Estado deve intervir?
O presidente da CONFAGRI, Manuel dos Santos Gomes, deixou a ideia da necessidade de haver uma política de valorização da produção nacional e que “o Estado deve intervir através de estratégias de consumo regionais e locais”.
Neste sentido, o presidente do Conselho de Administração Executivo da Caixa Central de Crédito Agrícola evidenciou a importância da banca no apoio aos agricultores. Licínio Pina afirmou que “dos bancos de retalho espera-se uma participação activa na disseminação de conhecimento prático, na utilização dos fundos comunitários, que integram o Programa Horizonte 2020, e no apoio a projectos de investimento sustentáveis e inovadores para a optimização dos excedentes e resíduos alimentares”.

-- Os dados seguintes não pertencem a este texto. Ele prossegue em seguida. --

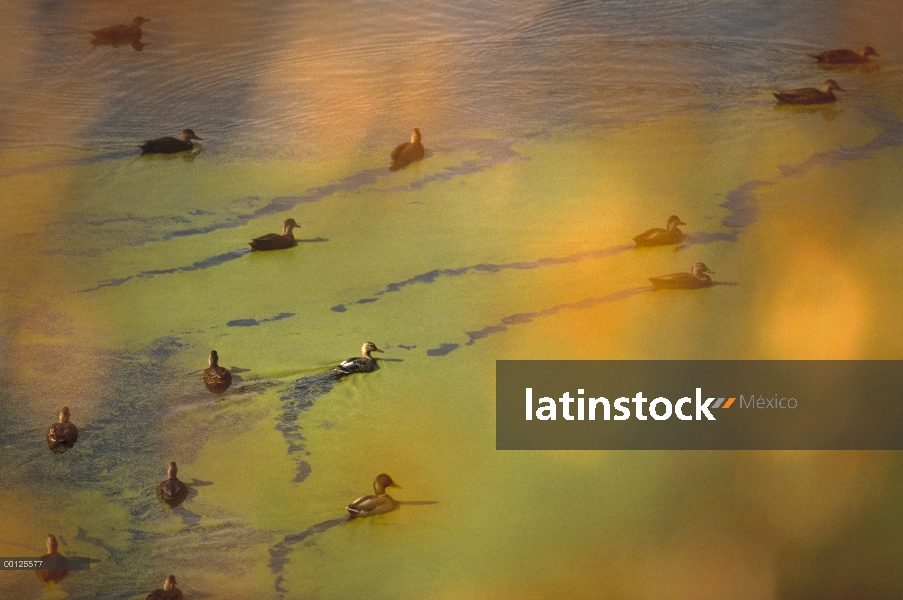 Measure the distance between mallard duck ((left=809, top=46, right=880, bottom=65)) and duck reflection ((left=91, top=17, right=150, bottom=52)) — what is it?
5.31m

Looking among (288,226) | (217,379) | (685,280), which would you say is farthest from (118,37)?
(685,280)

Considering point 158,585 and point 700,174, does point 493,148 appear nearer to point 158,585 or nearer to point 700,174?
point 700,174

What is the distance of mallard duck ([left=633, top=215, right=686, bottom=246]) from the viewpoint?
639 centimetres

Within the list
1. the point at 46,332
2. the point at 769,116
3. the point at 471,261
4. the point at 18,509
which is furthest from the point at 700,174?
the point at 18,509

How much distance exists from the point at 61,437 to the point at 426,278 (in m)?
2.16

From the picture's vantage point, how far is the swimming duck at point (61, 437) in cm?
502

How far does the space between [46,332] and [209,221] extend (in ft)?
4.28

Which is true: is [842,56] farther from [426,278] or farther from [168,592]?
[168,592]

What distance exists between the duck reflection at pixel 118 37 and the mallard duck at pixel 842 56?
17.4 ft

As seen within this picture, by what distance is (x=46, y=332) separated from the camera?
5828mm

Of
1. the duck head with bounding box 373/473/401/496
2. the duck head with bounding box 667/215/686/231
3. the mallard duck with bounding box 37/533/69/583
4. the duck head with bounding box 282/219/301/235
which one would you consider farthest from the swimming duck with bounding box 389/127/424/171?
the mallard duck with bounding box 37/533/69/583

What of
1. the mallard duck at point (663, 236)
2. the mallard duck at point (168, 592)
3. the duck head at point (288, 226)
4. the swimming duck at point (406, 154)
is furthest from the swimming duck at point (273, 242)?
the mallard duck at point (168, 592)

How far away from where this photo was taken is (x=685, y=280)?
6.03m

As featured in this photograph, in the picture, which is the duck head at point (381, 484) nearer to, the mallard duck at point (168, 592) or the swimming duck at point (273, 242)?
the mallard duck at point (168, 592) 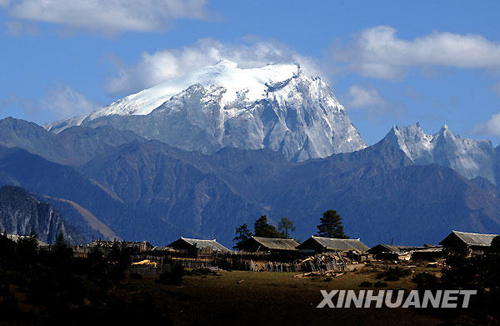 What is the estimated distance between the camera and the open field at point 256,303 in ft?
235

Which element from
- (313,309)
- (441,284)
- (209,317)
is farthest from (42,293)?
(441,284)

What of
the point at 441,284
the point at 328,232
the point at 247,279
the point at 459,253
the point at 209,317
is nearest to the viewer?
the point at 209,317

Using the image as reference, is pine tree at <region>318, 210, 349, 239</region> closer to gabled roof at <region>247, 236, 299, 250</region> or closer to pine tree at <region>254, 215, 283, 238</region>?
pine tree at <region>254, 215, 283, 238</region>

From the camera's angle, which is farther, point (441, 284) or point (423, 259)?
point (423, 259)

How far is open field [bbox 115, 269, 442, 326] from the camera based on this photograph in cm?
7162

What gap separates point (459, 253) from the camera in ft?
348

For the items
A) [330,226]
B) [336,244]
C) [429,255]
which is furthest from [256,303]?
[330,226]

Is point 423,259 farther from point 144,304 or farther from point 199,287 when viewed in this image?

O evento terminou com a assinatura do Guia “Desperdício Alimentar – Um compromisso de todos!”, apresentado pela Ministra da Agricultura e do Mar, Assunção Cristas. O documento prevê um conjunto de acções que garantam a potencial redução do desperdício alimentar, ao longo de toda a cadeia. Todos os que estiveram presentes no evento contra o desperdício alimentar, representando a agricultura, indústria, distribuição e, ainda, a Associação Nacional de Municípios Portugueses e entidades ligadas à educação, economia, saúde, agricultura e solidariedade social, subscreveram o documento, no qual assumiram o compromisso de contribuir para um futuro sem desperdícios.